4 /* Datetime stamp of program start */
5 data _null_;
6 dt_stamp = DATETIME();
7 PUT 'Progam Started: ' dt_stamp datetime20.;
8 run;
Progam Started: 05OCT2016:15:37:25
NOTE: DATA statement used (Total process time):
real time 0.03 seconds
user cpu time 0.00 seconds
system cpu time 0.04 seconds
memory 179.07k
OS Memory 7556.00k
Timestamp 10/05/2016 03:37:24 PM
987 /* Datetime stamp of program stop */
988 data _null_;
989 dt_stamp = DATETIME();
990 PUT 'Progam Stopped: ' dt_stamp datetime20.;
991 run;
Progam Stopped: 05OCT2016:15:19:34
NOTE: DATA statement used (Total process time):
real time 0.00 seconds
cpu time 0.00 seconds
Ugh, I had the start code outside of my Rsubmit and the stop code still inside my Rsubmit.
That is really strange. Maybe try an alternative way with the dhms function and see if you get different results:
data _null_;
day=date();
time=time();
dt_stamp=dhms(day,0,0,time);
PUT 'Progam Started: ' dt_stamp datetime.;
run;
data _null_;
day=date();
time=time();
dt_stamp=dhms(day,0,0,time);
PUT 'Progam Stopped: ' dt_stamp datetime.;
run;
I believe datetime() queries the servers internal clock so what you observe shouldn't be possible.
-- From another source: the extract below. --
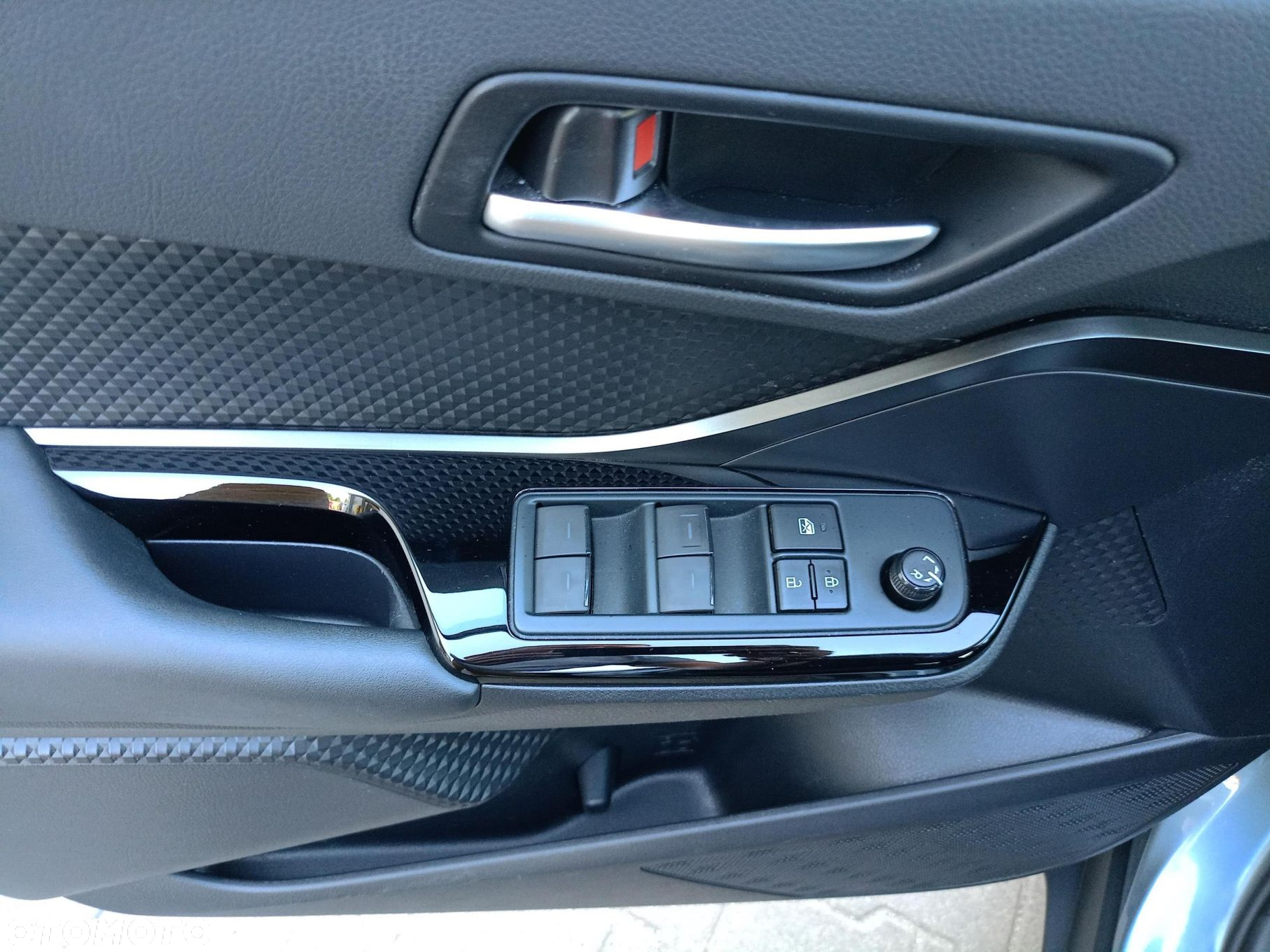 Toyota C-HR - 16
Are you 100% sure that the "stop time" code executed after the "start time" code?
The only far fetched idea I currently have is that your code runs on a grid, that the two code blocks you've posted ran on different nodes, and that the clocks on the nodes are not in sync (which also shouldn't happen).
Is that repeatable or did it happen only once?
Someone (or something) might simply have reset the server's clock.
Ugh, I had the start code outside of my Rsubmit and the stop code still inside my Rsubmit.
@buechler66 wrote:
Ugh, I had the start code outside of my Rsubmit and the stop code still inside my Rsubmit.
That means you still have a big issue. All your hosts should be connected to a NTP service, so their clocks are synchronized. Some SAS metadata operations do not work if client and server are more than a few seconds apart.
Saving an Enterprise Guide project to metadata causes issues (at least with EG 4.3/SAS 9.2) when the clocks of server and client are not within a few seconds. The webdav server then obviously balks at the timestamps.
Timezones should not be a problem. Computers keep their internal clocks in UTC, and use the timezone for display and input purposes.
This of course means that timestamps taken "visually" from remote hosts need to be corrected for timezone offset.